Dataset entries:

=-=-=-=-=

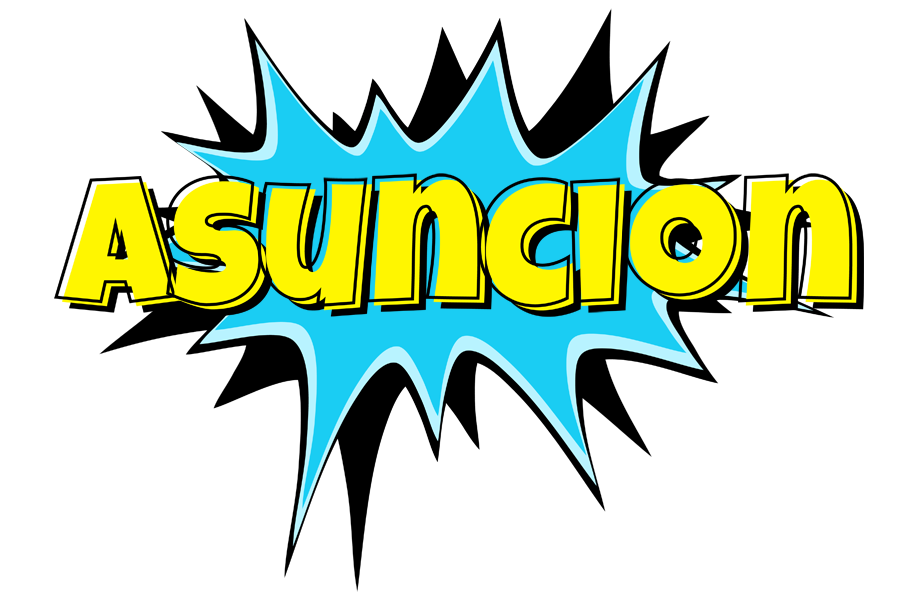 Asuncion amazing logo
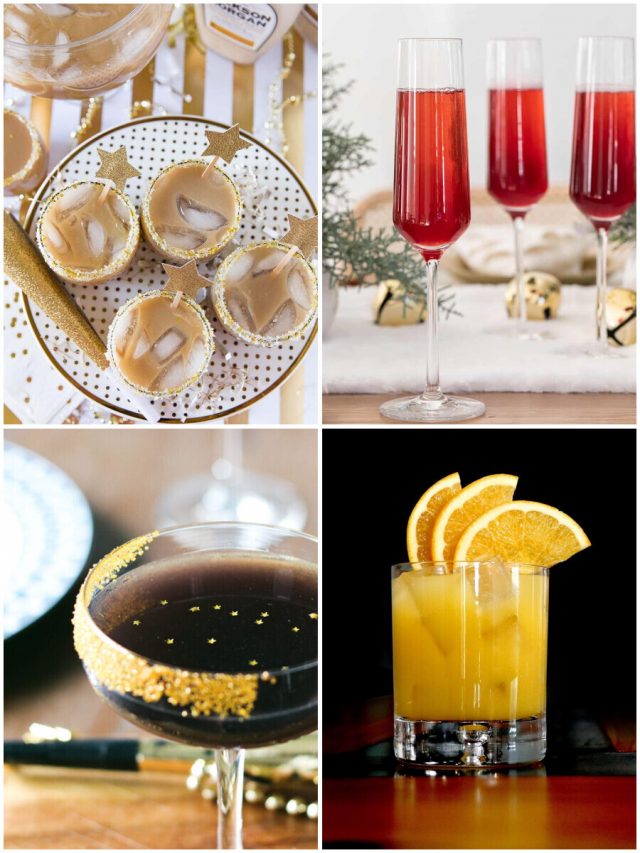 26 New Year'S Eve Whiskey Cocktails To Ring In The Cheer!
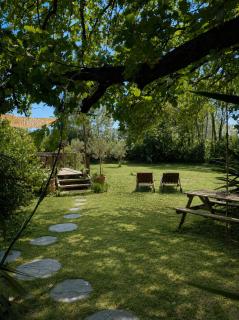 Tiny House atypique tout confort 4 pers jardin - 4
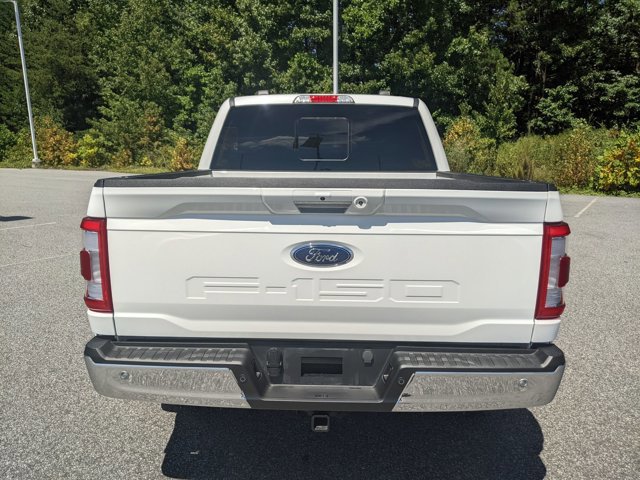 Certified 2023 Ford F150 Lariat w/ Equipment Group 502A High image 4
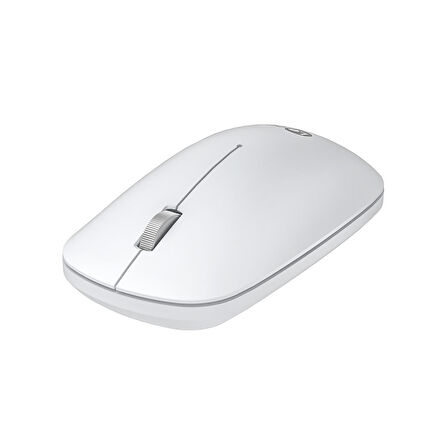 Lenovo Lecoo WS214 1200 DPI 4 Tuşlu Kablosuz Mouse Beyaz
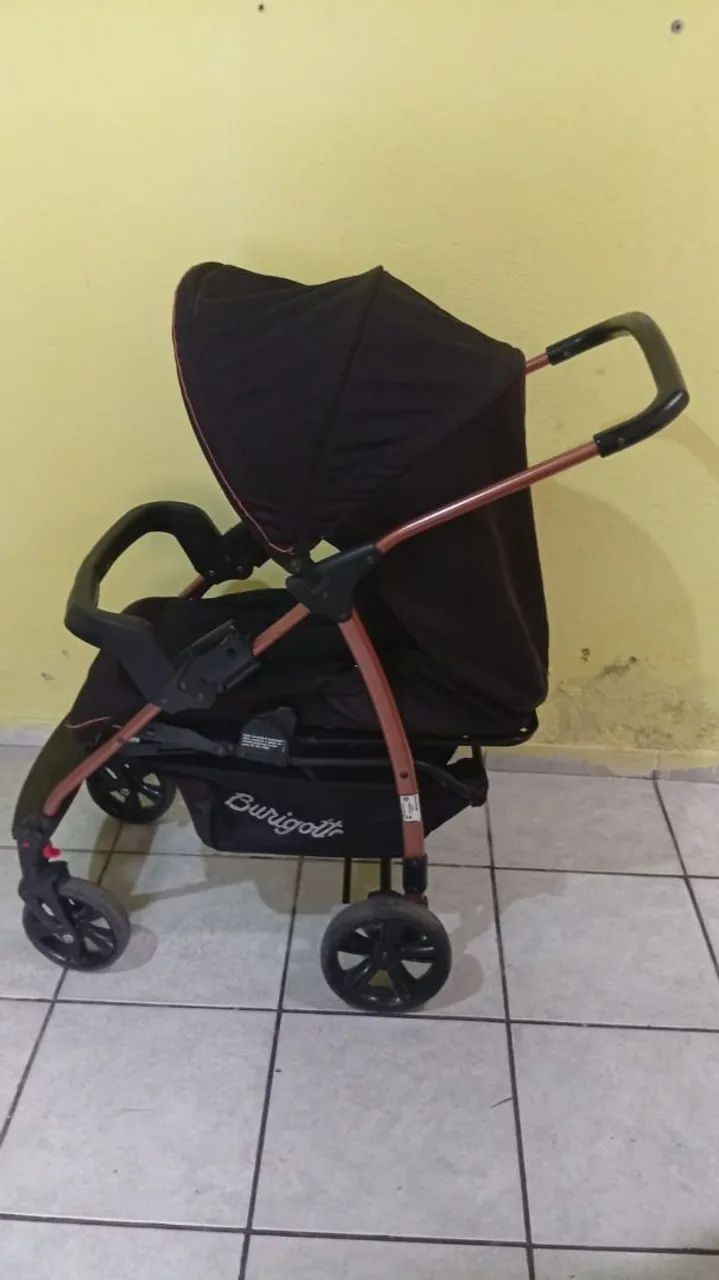 Carrinho de bebe - Foto 3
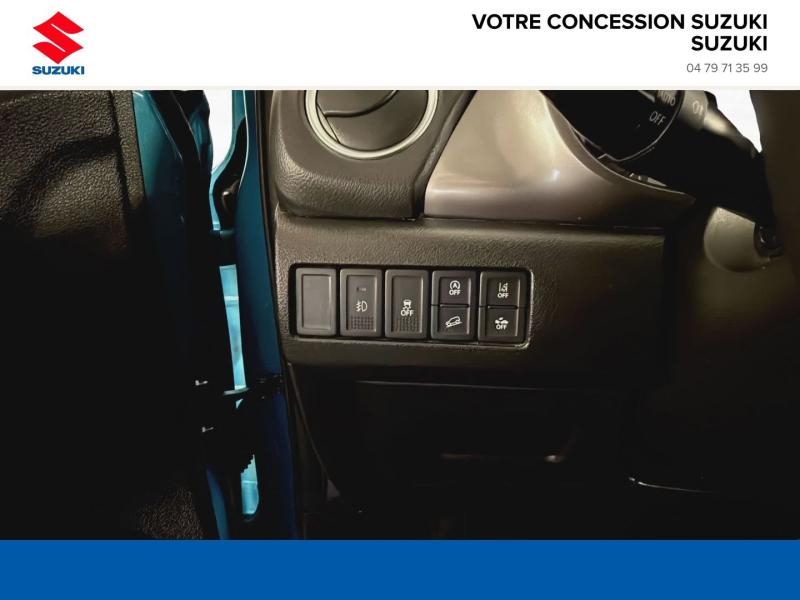 Photo 8 de l’annonce de SUZUKI Vitara d’occasion à vendre à CHAMBERY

=-=-=-=-=

[REQUIRED WORK]:
Copy the data above line for line, skipping every picture.

[ANSWER TO THE EXERCISE]:
 Asuncion amazing logo
 26 New Year'S Eve Whiskey Cocktails To Ring In The Cheer!
 Tiny House atypique tout confort 4 pers jardin - 4
 Certified 2023 Ford F150 Lariat w/ Equipment Group 502A High image 4
 Lenovo Lecoo WS214 1200 DPI 4 Tuşlu Kablosuz Mouse Beyaz
 Carrinho de bebe - Foto 3
 Photo 8 de l’annonce de SUZUKI Vitara d’occasion à vendre à CHAMBERY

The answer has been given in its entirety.